**What the task requires:** For the listing that follows, give again exactly the lines from the one with "Framburg 4860 BN/MBLACK" to the one with "Kids Bookshelf with", including both.

**Available records:**
———
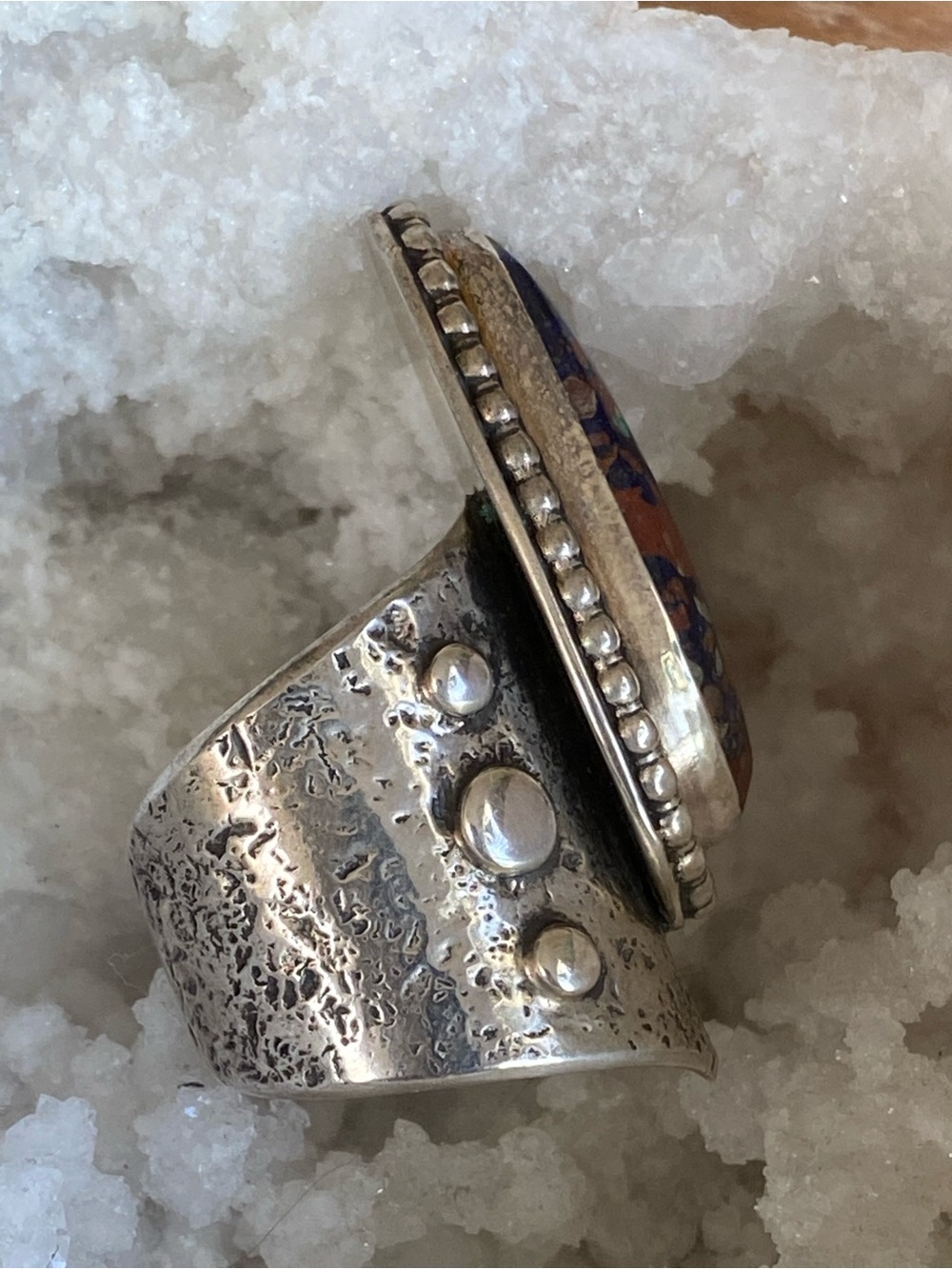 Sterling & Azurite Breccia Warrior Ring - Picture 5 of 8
———
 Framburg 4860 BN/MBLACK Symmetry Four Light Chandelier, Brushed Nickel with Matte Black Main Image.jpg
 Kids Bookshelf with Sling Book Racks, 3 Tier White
———
**Output of the exercise:**
 Framburg 4860 BN/MBLACK Symmetry Four Light Chandelier, Brushed Nickel with Matte Black Main Image.jpg
 Kids Bookshelf with Sling Book Racks, 3 Tier White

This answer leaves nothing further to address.